Florida’s Property Insurance Market Stabilizes After Years of Losses
Florida’s personal property insurance market has reported its first underwriting profit in eight years, according to a new report from AM Best. The Best’s Market Segment Report states that a softening property/casualty landscape is emerging in the state, driven by increased competition, new market participants, stabilizing premiums, and improving profitability.
Key Findings of the Report
- The Florida personal property composite, made up of 45 specialist insurers, reported a combined ratio of 93.1 for 2024 with an underwriting gain of $206.7 million, compared to a $174.4 million loss in 2023.

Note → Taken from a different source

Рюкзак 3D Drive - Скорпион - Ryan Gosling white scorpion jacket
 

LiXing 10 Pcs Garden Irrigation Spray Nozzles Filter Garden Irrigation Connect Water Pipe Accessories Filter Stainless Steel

- Pre-tax operating income reached $492.3 million, up from a result just above breakeven in the previous year.
- Legislative reforms introduced in 2022 have played a crucial role in the market’s rebound by improving the legal environment and addressing litigation challenges.
Challenges Persist Despite Improvement
Despite the positive trends, the report notes that many insurers still hold considerable direct exposure relative to their premiums. The direct premiums written-to-surplus ratio for active Florida property insurers was 3.2x in 2024, compared to the U.S. personal property composite average of 1.7x. Dependence on reinsurance also remains high, with ceded reinsurance leverage at 519.4% in 2024.
Future Outlook
The report suggests that the balance of power may be shifting toward primary carriers in midyear renewals. With more moderate loss activity and stabilized profitability, Florida composite companies are better positioned to manage risk accumulation and potentially negotiate more favorable terms with reinsurers.